RECORDS SUPPLIED:
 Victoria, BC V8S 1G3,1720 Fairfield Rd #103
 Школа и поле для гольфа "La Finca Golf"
==
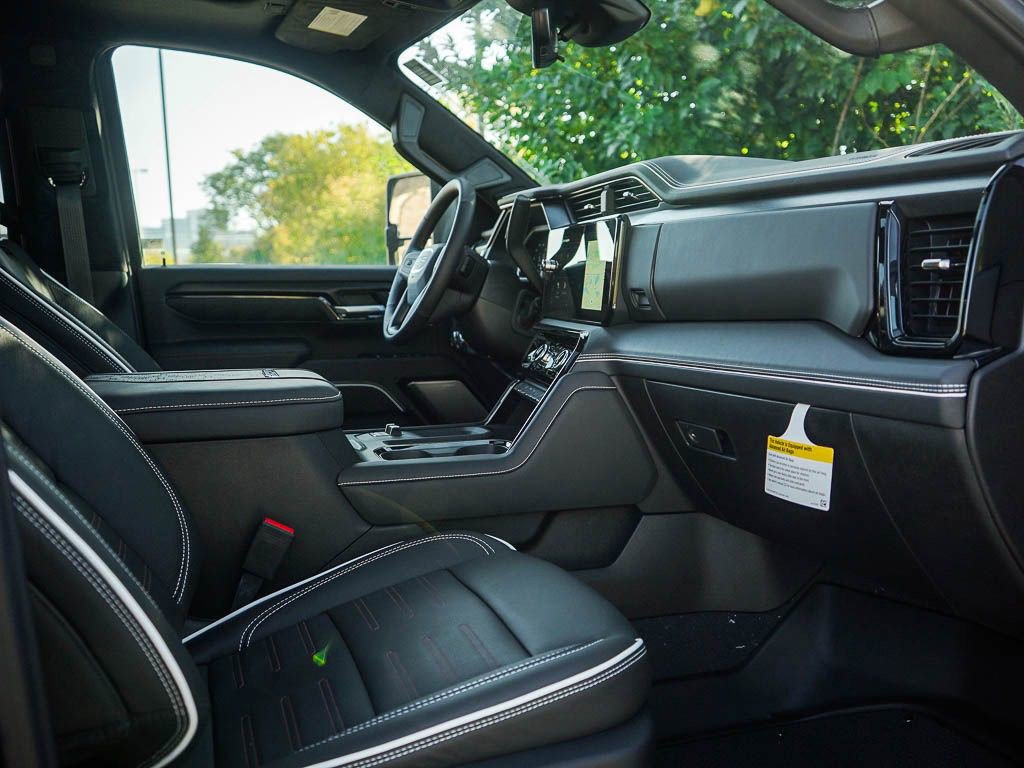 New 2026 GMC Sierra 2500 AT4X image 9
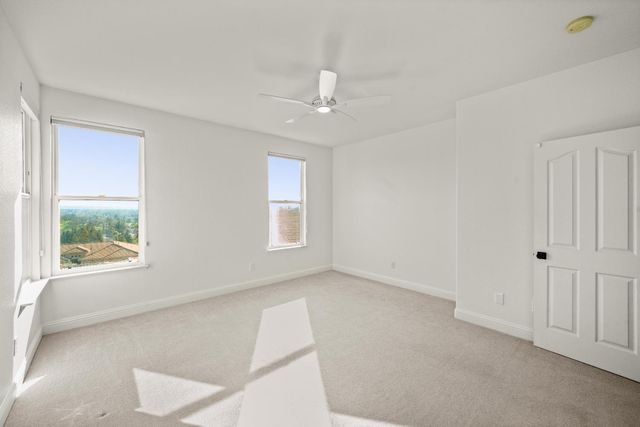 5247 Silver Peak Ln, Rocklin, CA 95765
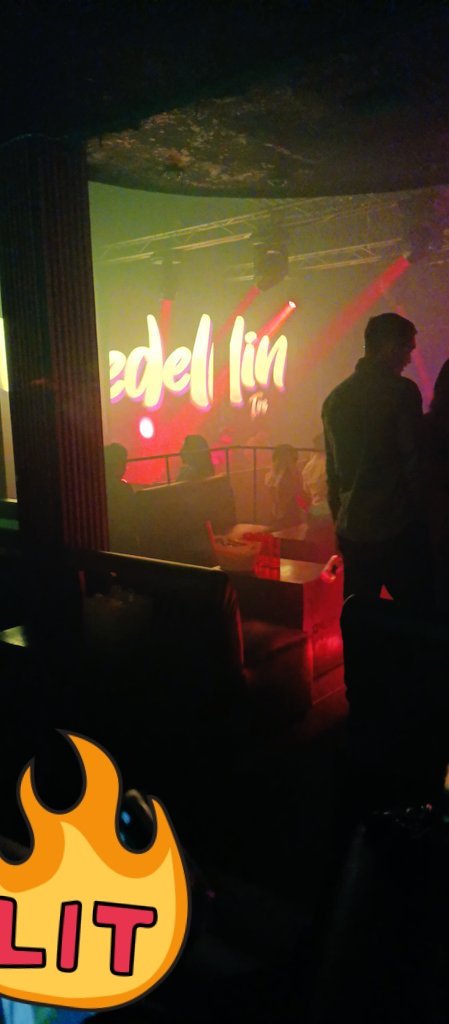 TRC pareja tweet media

EXERCISE PROMPT:
Reproduce only the lines above, starting at the line with "Victoria, BC V8S 1G3,1720 Fairfield Rd #103" and ending at the line with "Школа и поле", exactly as written.

WRITTEN REPLY:
 Victoria, BC V8S 1G3,1720 Fairfield Rd #103
 Школа и поле для гольфа "La Finca Golf"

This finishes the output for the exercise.